Thursday, February 5, 2009

Power Restored, Generator Info




(Pics from Ice Storm)
Power was finally restored yesterday about 3pm, which makes it exactly 8 days w/o power. Here are the tallies from the experience:
The generator ran 192 hours (8 days, 24/8, haha)
It used 90 Gallons of Gasoline.
.46 GPH consumption average.
At $1.79 per gallon, that is $161.10 (ignoring the .9 cents)
Prep. was $126.00 for 8AWG SO flex cable, $32 for electrical plugs.
Maintenance was $8 for spark plugs, $17 for a fan belt.
Total of $344, or $43 per day.
It will be cheaper if it ever happens again, as the materials have been "paid for." Although, let us hope it doesn't!!!!

I am very pleased with its performance, but for our almost all electric house (the furnace is gas), we needed more oomph than 6.5KW. I am thinking 10KW would be nice, with no concerns except when running the clothes drier, but 13KW or 16KW would be grand! Of course, I would not have that in the Travco, just for the house. A solar water heater would also relieve some of the load as would a Natural Gas on-demand water heater.

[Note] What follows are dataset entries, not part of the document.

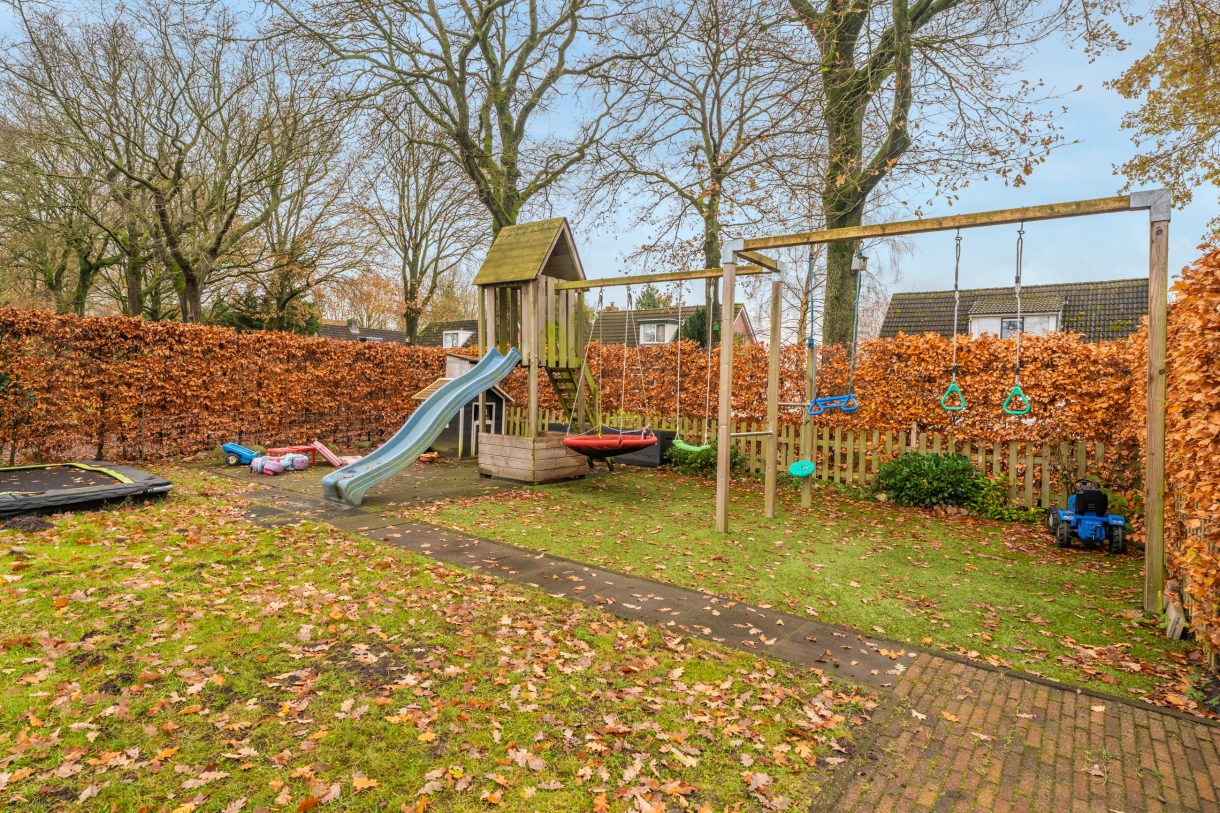 Te koop: Foto Woonhuis aan de Dorpsstraat 64 in Zuidlaarderveen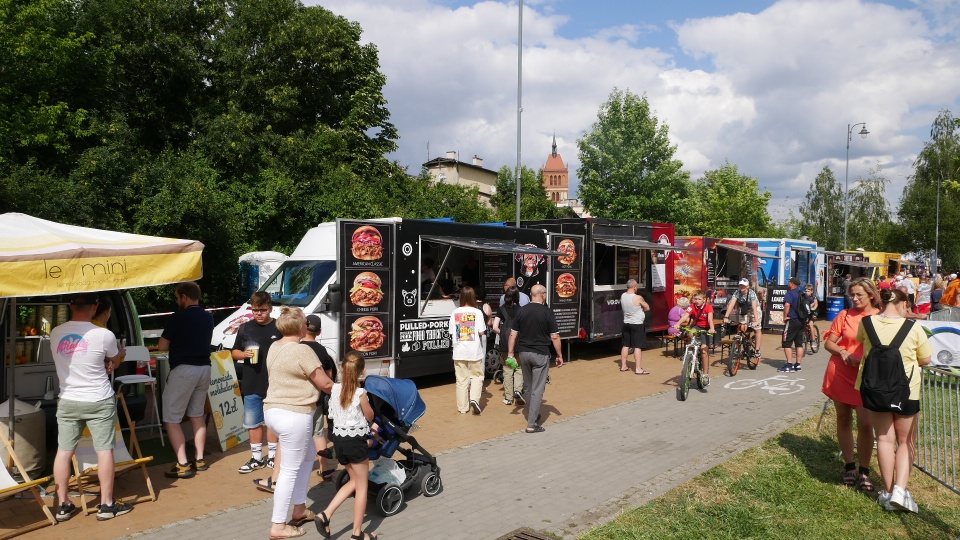 Zlot foodtrucków w ramach Dni Chełmży/fot. Adam Hibner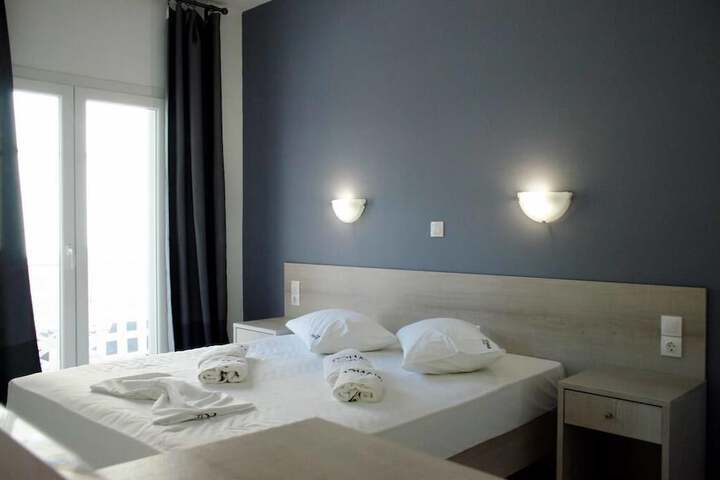 Room 6 of 15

Another thought, over the course of 8 days, filling the tank with gasoline and the transportation of such, gets a little old and smelly. The exhaust is smelly, and the gasoline on your hands from the filling is smelly. So, a propane and Nat. gas kit would be a nice addition to the genny.

Sunday, February 1, 2009

Ice Storm in Arkansas

We were hit by an Ice Storm here in Northwest Arkansas and lost cable/internet around 2pm and power around 3pm on Tuesday (1-27-2009). Well, let me tell you how nice it is to have a Travco with a heavy-duty Kohler 6.5Kw Genny to keep everything as it should be. Especially nice is the big gas tank, so filling is just once a day, but could be every other day actually. We are consuming about .5 gallon an hour, which is about $25 a day (we run it 24hrs/day). Hey, sure beats paying for a hotel, or staying with friends, or freezing. When we get broadband again, I will post pics/video of the damage to the trees, etc. The Travco did end up with a 2" hole in the roof from one branch. Better than a window, for sure.

We still are without any services except natural gas and water.

Laundry is fun, haha. The Travco has its "generator's windings full" just with the electric water heater, washing machine (w/water heat) and the rest of the house. So the electric drier must be run from a second generator, but what sucks is that the drier load is more than the circuit breaker on the 2nd genny will allow. So 7 mins on,*trip* 7 off, reset breaker. But, when you are outside cutting wood, it does not take much to go press the reset button every now and then. I am just glad we have what we have, we know quite a few people without power still, and many in apartments, tough luck if they tried to run a genny, huh? (tomorrow is the 6th day now). Many of the nearby schools still do not have power. I am also glad to have the 2nd genny when the fan-belt broke on the Travco's Kohler genny.

So, stock-piling gasoline was not such a bad idea after all. One local gas station was w/o power, and the other was constantly running out of gas, and had long lines! I know someone who had to drive 2 hours out and 2 back just to get kerosene to heat his house, as all sources nearby were w/o stock.

So, I have only had my Travco since last May, so the day the bad weather started its way here, I high-tailed it up to the hardware stores to get supplies I needed to connect the Travco to the house. The power cord I have for the Travco is 120V 30 amp, and I bought a 53' 240V 4 conductor cord and plugs and the receptacle to connect it to. I had it all connected and ready about 20 minutes before we lost power, WHEW! Close one! I had to drive 40 miles away to get the 8AWG 4 conductor flex cord to connect between the plugs, but it was time and money well spent.

OK, enough already! Supposedly we will have power by noon tomorrow (Monday), so about 5.75 days on the genny, 138 Hrs that is. Time to change the oil!